> [DATA FOR REVIEW]
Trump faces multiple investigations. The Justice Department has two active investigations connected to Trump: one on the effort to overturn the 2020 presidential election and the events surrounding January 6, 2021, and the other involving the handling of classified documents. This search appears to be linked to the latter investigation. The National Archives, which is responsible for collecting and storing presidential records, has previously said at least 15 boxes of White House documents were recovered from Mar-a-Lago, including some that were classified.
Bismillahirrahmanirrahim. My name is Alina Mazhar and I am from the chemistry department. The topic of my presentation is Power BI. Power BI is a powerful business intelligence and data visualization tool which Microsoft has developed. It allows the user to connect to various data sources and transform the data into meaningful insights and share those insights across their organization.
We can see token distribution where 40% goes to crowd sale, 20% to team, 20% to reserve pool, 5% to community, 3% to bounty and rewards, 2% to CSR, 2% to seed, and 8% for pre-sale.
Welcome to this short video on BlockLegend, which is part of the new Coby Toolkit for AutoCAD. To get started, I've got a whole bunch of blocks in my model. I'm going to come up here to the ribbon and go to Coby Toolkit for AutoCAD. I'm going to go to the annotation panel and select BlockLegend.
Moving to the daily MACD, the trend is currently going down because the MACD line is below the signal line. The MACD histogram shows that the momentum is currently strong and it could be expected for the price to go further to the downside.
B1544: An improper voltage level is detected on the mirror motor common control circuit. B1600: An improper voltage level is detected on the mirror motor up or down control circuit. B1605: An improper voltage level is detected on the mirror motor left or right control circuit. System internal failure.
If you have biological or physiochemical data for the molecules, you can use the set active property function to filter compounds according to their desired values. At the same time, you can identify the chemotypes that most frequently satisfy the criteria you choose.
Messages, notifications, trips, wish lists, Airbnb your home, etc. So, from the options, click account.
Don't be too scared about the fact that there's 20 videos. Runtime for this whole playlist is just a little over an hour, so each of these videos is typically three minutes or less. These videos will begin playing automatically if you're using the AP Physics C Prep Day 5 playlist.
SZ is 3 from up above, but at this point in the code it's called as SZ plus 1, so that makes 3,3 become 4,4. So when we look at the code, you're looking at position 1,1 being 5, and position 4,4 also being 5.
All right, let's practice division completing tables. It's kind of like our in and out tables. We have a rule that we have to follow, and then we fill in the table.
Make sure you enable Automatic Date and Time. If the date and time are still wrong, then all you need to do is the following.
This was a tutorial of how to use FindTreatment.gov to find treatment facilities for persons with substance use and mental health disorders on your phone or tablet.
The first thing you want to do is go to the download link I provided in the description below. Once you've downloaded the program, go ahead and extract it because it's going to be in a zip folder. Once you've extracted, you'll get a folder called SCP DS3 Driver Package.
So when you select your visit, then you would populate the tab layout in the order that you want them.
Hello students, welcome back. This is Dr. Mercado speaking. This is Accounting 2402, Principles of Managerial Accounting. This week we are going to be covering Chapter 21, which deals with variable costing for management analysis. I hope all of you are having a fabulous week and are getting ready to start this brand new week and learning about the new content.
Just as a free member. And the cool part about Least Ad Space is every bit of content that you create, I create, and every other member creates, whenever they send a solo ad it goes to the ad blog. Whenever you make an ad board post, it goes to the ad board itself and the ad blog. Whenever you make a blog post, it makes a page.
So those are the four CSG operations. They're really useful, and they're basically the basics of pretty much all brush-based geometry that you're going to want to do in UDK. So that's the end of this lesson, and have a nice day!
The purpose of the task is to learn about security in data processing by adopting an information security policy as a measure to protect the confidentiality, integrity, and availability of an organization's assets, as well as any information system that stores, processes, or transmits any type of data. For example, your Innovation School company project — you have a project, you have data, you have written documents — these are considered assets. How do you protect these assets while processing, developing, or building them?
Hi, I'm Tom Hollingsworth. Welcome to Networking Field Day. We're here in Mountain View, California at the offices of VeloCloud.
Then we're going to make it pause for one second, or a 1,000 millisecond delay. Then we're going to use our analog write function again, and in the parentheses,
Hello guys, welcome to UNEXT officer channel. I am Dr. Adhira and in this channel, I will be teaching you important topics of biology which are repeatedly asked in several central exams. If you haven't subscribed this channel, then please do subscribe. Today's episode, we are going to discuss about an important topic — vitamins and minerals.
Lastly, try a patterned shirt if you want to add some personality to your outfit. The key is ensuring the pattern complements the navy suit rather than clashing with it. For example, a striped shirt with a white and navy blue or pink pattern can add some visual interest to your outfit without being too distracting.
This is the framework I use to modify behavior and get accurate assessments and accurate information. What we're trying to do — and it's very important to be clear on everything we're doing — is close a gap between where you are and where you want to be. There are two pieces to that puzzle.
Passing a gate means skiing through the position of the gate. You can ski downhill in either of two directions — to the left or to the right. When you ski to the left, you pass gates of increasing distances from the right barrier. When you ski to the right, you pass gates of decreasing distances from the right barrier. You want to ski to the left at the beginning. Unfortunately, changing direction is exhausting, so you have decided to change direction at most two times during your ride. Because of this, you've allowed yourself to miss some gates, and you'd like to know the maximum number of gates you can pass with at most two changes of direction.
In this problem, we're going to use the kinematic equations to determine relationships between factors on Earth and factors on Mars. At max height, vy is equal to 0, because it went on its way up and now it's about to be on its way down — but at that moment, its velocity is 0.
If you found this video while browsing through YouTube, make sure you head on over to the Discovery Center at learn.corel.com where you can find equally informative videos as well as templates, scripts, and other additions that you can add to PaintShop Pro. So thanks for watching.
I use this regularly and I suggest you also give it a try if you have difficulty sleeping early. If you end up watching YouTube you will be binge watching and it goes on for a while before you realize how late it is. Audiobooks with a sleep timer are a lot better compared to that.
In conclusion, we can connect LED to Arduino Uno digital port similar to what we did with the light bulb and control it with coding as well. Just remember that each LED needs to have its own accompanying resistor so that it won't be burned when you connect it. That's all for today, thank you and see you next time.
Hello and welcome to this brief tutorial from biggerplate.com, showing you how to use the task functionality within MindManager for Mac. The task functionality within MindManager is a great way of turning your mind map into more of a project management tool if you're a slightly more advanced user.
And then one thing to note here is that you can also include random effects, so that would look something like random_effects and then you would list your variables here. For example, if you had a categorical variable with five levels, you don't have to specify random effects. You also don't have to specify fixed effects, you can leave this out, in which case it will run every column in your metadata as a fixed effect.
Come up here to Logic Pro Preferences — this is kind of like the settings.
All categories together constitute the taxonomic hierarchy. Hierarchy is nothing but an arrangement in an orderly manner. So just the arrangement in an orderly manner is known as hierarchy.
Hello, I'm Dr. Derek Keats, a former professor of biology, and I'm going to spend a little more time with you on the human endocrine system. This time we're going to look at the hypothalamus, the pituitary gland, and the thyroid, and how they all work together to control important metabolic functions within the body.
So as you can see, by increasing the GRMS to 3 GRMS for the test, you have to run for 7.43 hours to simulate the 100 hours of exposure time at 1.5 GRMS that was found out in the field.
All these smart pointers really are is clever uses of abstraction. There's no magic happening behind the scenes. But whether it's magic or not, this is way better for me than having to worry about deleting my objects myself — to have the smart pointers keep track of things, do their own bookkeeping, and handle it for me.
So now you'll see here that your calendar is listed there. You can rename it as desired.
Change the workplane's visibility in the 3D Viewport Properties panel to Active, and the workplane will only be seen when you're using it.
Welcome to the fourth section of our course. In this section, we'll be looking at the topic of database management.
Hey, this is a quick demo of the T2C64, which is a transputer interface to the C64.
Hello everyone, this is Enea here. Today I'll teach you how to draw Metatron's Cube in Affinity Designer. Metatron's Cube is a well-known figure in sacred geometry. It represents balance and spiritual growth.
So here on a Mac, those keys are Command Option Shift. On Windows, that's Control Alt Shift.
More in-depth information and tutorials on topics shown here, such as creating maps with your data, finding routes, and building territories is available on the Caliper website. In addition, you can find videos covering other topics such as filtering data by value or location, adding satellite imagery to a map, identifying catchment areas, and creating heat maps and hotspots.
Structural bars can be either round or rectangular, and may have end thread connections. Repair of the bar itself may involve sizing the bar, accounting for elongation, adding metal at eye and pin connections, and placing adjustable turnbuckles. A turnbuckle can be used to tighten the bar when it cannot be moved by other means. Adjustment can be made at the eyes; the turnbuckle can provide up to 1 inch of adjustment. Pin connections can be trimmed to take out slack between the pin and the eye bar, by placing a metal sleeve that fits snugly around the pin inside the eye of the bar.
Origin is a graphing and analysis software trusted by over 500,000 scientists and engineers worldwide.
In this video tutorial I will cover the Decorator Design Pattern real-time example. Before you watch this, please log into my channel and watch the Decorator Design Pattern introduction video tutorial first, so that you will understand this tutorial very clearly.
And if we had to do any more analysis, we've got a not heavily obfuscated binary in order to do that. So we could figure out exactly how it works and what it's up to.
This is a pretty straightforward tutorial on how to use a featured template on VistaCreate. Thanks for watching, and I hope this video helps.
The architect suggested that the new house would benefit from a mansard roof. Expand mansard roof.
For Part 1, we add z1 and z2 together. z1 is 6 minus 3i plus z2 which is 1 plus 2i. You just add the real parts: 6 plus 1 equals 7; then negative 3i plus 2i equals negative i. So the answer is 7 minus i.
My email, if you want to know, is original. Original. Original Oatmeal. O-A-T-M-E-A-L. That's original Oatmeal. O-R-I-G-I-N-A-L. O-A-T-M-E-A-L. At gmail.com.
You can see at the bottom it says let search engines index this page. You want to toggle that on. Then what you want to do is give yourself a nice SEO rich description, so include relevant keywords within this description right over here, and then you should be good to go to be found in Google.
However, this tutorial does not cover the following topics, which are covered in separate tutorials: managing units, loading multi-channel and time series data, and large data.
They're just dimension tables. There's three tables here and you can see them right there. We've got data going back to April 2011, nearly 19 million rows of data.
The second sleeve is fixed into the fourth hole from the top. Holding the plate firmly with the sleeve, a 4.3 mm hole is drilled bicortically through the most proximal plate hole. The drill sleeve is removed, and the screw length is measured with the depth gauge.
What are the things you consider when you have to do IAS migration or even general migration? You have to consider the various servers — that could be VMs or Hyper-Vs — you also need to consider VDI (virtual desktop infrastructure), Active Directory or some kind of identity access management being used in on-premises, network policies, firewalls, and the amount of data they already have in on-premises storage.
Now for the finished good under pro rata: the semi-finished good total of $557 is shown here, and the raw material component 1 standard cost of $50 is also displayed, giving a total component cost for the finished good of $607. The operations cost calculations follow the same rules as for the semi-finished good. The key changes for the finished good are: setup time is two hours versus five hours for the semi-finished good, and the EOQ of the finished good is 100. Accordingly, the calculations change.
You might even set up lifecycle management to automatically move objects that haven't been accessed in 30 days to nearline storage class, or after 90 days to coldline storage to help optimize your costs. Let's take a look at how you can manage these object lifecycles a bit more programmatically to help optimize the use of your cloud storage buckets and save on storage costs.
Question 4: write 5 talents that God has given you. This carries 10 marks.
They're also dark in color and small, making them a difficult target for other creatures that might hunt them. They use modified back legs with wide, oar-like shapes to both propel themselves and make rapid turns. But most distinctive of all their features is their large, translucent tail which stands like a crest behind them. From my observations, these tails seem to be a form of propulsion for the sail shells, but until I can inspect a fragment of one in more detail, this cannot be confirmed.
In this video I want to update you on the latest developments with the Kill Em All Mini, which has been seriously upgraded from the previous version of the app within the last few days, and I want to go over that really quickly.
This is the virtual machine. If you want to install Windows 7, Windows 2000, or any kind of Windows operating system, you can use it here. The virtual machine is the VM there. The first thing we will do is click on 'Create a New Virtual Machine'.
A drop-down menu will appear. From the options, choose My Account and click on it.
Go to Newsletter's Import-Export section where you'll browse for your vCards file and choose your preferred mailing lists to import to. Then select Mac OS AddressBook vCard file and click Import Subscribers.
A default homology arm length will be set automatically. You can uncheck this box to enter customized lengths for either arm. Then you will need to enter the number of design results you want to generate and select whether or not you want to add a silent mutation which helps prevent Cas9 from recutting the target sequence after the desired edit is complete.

> [TASK TO CARRY OUT] The lines that mention the word "operations" should be pulled from the records above.

> [RESULT OF THE EXERCISE]
So those are the four CSG operations. They're really useful, and they're basically the basics of pretty much all brush-based geometry that you're going to want to do in UDK. So that's the end of this lesson, and have a nice day!
Now for the finished good under pro rata: the semi-finished good total of $557 is shown here, and the raw material component 1 standard cost of $50 is also displayed, giving a total component cost for the finished good of $607. The operations cost calculations follow the same rules as for the semi-finished good. The key changes for the finished good are: setup time is two hours versus five hours for the semi-finished good, and the EOQ of the finished good is 100. Accordingly, the calculations change.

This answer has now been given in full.